- To do
Where the listing below reaches the line containing "Alselo Oven Mitts", start writing out lines exactly, and stop once the line containing "Colourful striped heart" has been written.

══════════

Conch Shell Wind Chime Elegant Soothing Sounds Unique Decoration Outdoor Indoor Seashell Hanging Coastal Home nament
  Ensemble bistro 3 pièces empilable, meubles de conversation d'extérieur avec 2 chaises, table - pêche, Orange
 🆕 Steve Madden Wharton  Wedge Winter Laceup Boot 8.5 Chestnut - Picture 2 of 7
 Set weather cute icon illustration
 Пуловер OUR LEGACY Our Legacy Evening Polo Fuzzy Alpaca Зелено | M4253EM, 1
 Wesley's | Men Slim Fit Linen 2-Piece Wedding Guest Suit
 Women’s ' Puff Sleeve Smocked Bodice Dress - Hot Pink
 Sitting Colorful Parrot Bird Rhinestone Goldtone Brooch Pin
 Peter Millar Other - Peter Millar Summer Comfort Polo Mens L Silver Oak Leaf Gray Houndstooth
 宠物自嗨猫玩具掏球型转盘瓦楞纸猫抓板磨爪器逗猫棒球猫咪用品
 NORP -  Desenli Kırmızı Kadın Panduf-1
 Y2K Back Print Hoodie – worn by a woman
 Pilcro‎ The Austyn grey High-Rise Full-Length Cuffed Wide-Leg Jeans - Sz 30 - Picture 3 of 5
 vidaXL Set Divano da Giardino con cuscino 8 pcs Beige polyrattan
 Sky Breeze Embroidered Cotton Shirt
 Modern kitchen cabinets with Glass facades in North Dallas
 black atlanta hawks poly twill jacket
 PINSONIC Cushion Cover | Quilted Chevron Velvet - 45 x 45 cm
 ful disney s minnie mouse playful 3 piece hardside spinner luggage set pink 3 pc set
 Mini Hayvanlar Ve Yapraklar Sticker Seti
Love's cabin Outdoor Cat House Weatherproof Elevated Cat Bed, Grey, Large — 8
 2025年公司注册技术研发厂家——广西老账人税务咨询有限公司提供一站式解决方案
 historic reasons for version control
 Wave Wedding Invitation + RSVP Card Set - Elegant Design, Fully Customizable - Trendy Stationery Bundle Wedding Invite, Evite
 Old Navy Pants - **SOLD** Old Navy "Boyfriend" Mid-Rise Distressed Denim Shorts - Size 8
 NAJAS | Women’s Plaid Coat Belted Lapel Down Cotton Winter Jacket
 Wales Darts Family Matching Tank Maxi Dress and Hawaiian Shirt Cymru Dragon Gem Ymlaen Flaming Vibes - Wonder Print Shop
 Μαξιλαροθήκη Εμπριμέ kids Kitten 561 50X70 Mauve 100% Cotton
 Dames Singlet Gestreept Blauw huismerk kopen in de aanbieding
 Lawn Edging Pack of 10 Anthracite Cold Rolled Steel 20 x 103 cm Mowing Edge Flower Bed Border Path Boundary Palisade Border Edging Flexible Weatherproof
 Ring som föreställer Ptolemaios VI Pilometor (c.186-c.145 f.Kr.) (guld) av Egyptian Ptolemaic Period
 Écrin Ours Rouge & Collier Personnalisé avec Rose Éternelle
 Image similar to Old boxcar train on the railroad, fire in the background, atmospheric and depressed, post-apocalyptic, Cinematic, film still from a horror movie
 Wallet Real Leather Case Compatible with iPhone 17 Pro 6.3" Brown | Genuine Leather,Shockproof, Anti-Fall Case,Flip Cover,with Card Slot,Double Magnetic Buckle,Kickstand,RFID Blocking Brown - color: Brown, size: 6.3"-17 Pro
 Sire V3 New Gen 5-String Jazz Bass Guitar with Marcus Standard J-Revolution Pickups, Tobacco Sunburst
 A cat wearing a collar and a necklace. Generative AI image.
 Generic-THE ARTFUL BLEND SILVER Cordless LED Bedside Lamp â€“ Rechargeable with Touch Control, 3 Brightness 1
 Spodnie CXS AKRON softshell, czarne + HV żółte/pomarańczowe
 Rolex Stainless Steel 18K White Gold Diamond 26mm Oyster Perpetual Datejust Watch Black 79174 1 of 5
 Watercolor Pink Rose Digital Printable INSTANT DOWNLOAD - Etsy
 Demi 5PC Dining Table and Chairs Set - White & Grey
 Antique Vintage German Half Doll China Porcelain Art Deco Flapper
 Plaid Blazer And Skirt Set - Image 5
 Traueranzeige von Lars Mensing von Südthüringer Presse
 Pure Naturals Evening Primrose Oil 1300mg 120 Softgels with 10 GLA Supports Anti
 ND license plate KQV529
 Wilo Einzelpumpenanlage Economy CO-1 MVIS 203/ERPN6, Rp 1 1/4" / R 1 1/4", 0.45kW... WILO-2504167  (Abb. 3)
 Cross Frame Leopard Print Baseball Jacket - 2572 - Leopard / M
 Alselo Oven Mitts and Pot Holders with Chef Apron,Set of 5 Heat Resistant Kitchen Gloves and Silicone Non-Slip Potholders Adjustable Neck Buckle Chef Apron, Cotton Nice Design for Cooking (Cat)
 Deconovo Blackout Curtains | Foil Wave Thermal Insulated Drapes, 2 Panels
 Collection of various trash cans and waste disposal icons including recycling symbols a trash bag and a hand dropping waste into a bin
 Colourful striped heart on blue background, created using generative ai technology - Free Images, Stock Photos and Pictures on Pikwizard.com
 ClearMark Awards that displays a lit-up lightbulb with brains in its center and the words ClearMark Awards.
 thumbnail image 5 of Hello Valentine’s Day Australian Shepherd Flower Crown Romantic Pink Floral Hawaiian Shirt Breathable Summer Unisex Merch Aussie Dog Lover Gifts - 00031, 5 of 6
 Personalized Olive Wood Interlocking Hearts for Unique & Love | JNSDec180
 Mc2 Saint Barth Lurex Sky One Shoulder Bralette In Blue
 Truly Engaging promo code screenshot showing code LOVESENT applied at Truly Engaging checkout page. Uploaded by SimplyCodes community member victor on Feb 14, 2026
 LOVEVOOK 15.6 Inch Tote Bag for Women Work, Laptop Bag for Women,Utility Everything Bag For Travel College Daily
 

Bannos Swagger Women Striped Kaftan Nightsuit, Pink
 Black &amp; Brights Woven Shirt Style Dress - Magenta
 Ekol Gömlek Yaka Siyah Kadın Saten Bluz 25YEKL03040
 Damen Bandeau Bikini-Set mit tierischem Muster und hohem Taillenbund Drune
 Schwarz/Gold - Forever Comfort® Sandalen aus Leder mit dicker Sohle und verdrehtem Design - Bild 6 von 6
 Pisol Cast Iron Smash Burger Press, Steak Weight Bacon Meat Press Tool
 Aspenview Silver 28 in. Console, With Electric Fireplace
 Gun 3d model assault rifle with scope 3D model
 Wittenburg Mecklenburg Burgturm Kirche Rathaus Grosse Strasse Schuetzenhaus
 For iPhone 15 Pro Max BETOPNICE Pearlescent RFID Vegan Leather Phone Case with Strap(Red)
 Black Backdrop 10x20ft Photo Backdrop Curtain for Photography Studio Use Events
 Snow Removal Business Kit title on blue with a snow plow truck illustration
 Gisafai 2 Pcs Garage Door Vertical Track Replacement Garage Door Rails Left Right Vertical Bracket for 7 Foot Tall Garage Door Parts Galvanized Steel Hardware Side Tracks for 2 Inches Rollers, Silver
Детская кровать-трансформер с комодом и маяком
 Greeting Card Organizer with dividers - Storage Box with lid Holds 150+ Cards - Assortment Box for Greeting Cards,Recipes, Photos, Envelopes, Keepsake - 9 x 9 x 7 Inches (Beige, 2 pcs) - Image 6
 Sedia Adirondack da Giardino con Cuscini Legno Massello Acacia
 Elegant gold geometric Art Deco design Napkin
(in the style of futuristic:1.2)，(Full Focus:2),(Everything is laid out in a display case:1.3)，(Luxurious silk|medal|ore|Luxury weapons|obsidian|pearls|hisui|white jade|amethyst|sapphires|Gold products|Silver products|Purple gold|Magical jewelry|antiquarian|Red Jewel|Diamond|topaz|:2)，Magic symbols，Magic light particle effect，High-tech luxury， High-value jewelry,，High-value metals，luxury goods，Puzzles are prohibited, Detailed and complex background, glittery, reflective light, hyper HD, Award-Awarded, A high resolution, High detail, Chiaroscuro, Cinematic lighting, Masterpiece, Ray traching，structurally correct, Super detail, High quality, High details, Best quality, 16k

══════════

- Exercise result
 Alselo Oven Mitts and Pot Holders with Chef Apron,Set of 5 Heat Resistant Kitchen Gloves and Silicone Non-Slip Potholders Adjustable Neck Buckle Chef Apron, Cotton Nice Design for Cooking (Cat)
 Deconovo Blackout Curtains | Foil Wave Thermal Insulated Drapes, 2 Panels
 Collection of various trash cans and waste disposal icons including recycling symbols a trash bag and a hand dropping waste into a bin
 Colourful striped heart on blue background, created using generative ai technology - Free Images, Stock Photos and Pictures on Pikwizard.com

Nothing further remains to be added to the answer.